## Exercise aim:
In the entries below, locate the line with "کشورهای صادر کننده نفت خام به چین", then give again that line and all lines after it, exactly, with pictures omitted.

Stored dataset items:

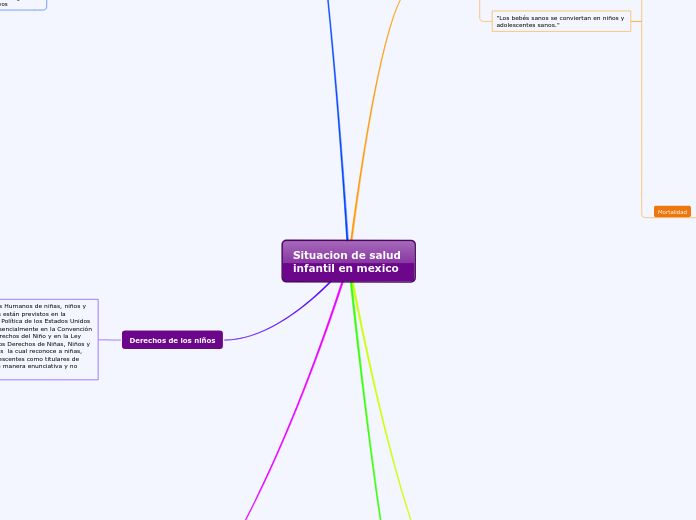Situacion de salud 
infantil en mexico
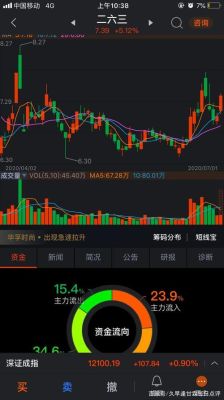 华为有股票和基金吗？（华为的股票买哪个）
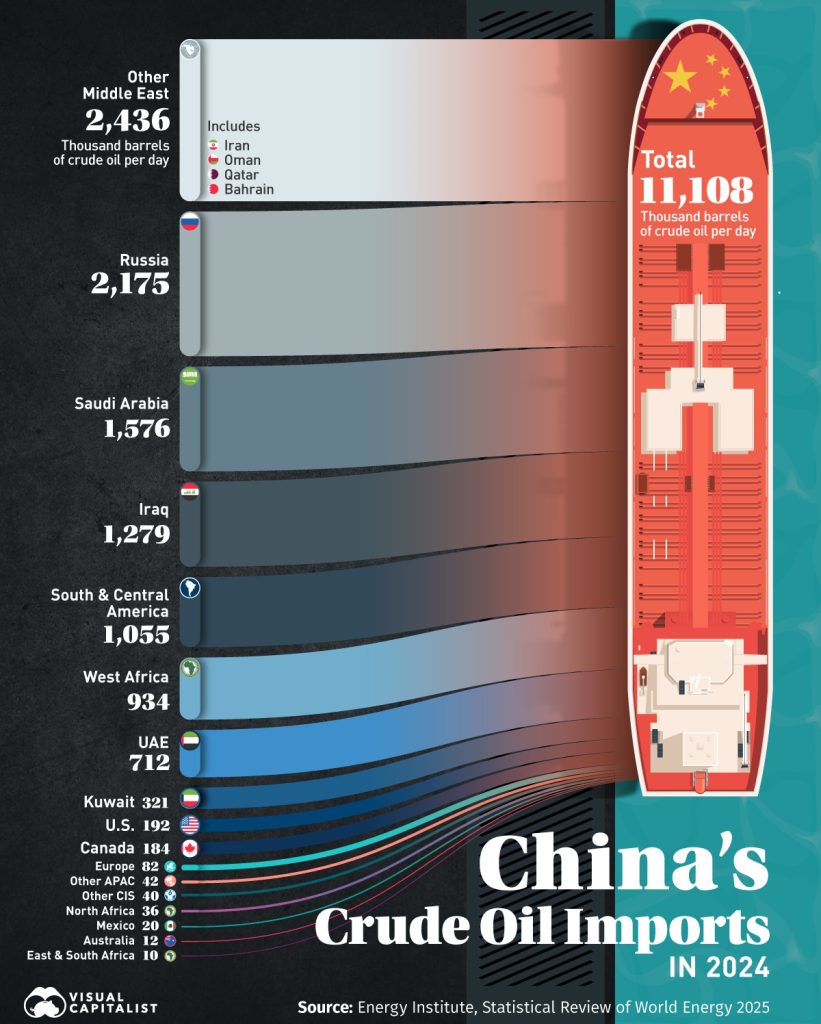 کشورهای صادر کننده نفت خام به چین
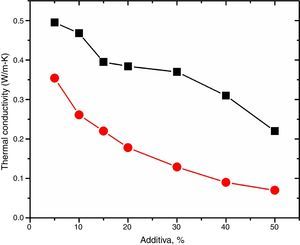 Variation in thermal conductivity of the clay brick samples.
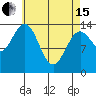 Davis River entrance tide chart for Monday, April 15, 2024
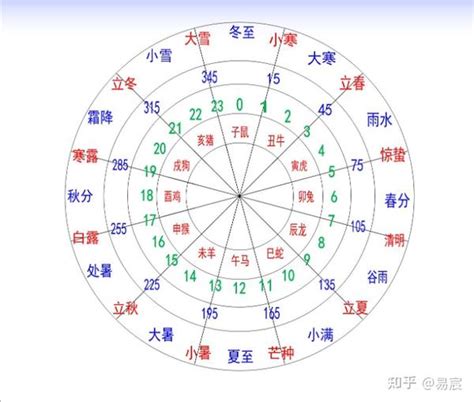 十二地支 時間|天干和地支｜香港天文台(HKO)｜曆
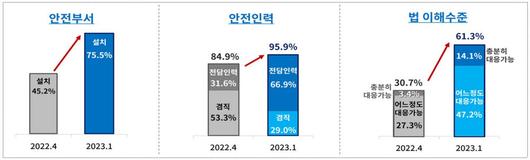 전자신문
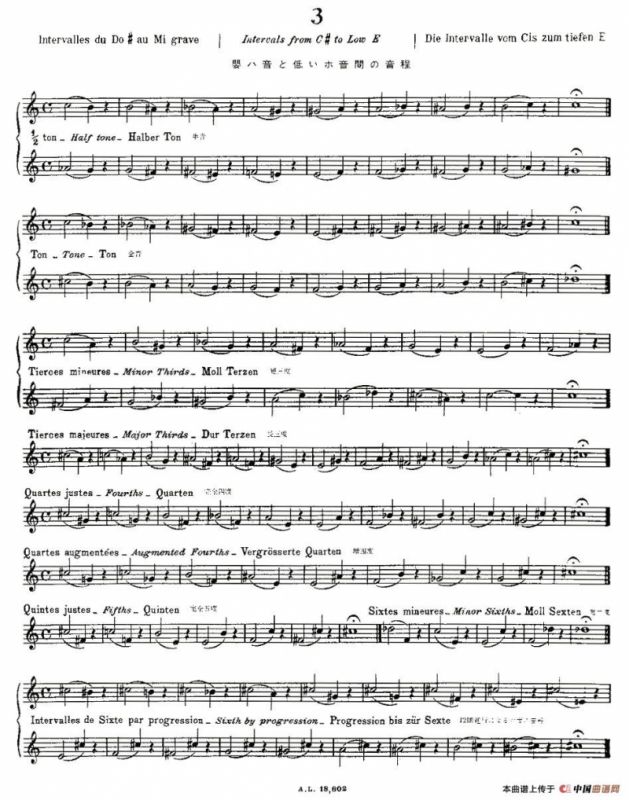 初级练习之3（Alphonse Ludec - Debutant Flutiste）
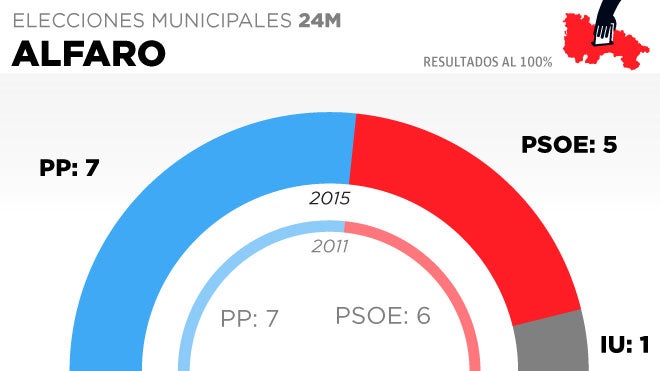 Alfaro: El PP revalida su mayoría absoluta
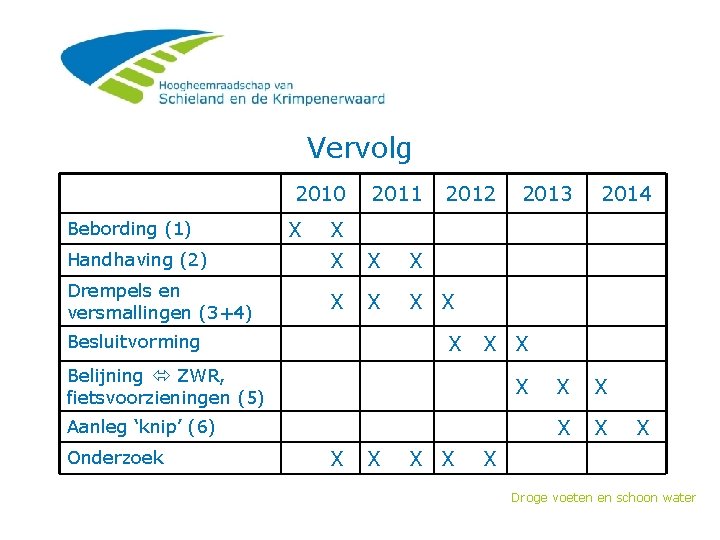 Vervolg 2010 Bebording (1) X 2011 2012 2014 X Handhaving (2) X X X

## Solved exercise:
 کشورهای صادر کننده نفت خام به چین
 Variation in thermal conductivity of the clay brick samples.
 Davis River entrance tide chart for Monday, April 15, 2024
 十二地支 時間|天干和地支｜香港天文台(HKO)｜曆
 전자신문
 初级练习之3（Alphonse Ludec - Debutant Flutiste）
 Alfaro: El PP revalida su mayoría absoluta
 Vervolg 2010 Bebording (1) X 2011 2012 2014 X Handhaving (2) X X X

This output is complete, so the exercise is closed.